Indigene Völker in Gefahr

Es geht um 800.000 Quadratkilometer, so groß ist der Gran Chaco. 3400 Pflanzenarten, 900 Tierarten sind hier beheimatet, vor allem Jaguare und Riesen-Ameisenbären. 250.000 Indigene leben hier. Der bekannte britische Naturkundler und TV-Moderator David Attenborough hat dieses Gebiet einmal als eine der letzten großen Wildnisse in der Welt bezeichnet. Und doch verschwindet es unglaublich schnell.
Durch den Vergleich von Satellitenbildern kam eine paraguayische NGO zum Schluss, dass seit 2013 jedes Jahr 446.000 Hektar abgeholzt werden.

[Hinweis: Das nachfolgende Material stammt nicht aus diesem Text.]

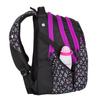 Kép 3/3 - Bagmaster tinédzser háizsák BAG, fekete-pink-lila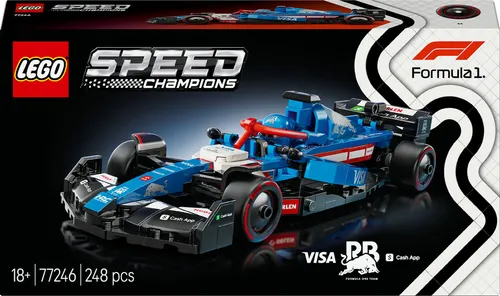 LEGO Speed Champions Visa Cash App RB VCARB 01 F1® Rennauto von LEGO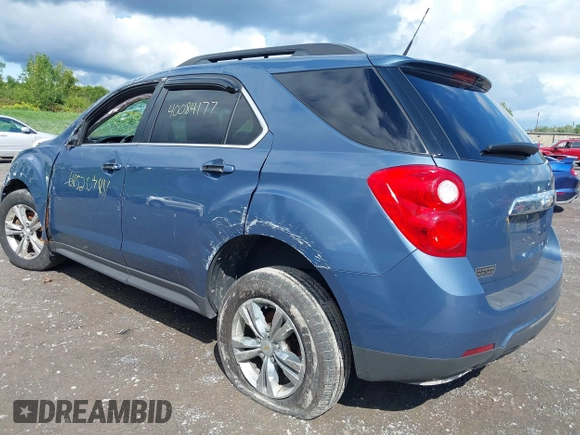 2012 Chevrolet Equinox LT w/1LT with VIN 2GNALDEK2C6133827, listed as a IAAI auction lot 40084177 with 144,714 mi miles. Bid and sale history available at carsss.com. Image 3.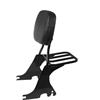 UIEASFY Poggiaschiena Passeggero Posteriore Per Moto Moto Schienale Sissy Bar Con Bagagli Sedile Posteriore In Posizione Verticale Per Sportster SuperLow XL883 1200 48 Seventy Two 2004-2019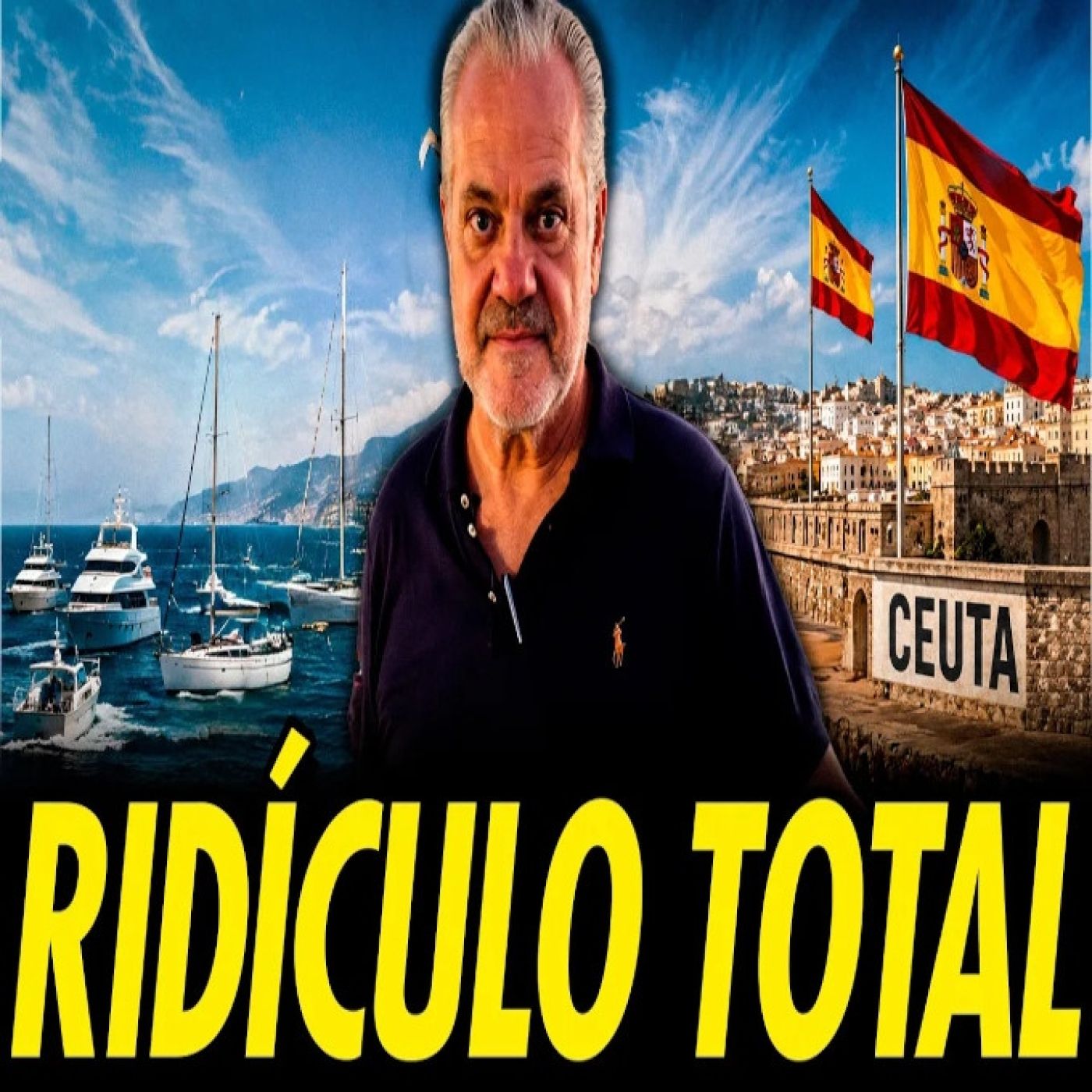MARCOS DE QUINTOS HACE EL RIDÍCULO EN CEUTA CON SU ARMADA CAYETANA episode artwork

Wo nicht Rinder grasen, wird Soja für die Viehzucht in anderen Ländern angebaut.
"Unser gesamtes Rechtssystem ist so", erklärt Karen Liz Colman. "Die Viehzüchter sind im gesamten politischen Raum vertreten, es gibt sogar eine Partei voller Viehzüchter. Daher haben sie viel Macht in Paraguay. Der Ex-Präsident, Cartes, der Senator Fidel Zavala, sie sind alle in politischen Schlüsselstellungen. Es ist sehr schwierig, die Stimme zu erheben, und zu sagen, dass hier im Land etwas schiefläuft. Cartes hat zum Beispiel verschiedene Radio- und Fernsehstationen. Der Kleinbauer, der ein bisschen Land will, ist der Schlechte, das ist eine Gehirnwäsche. Die Großbauern sind in diesen Medien die Leistungsträger. Die Indigenen sind alle Nichtstuer."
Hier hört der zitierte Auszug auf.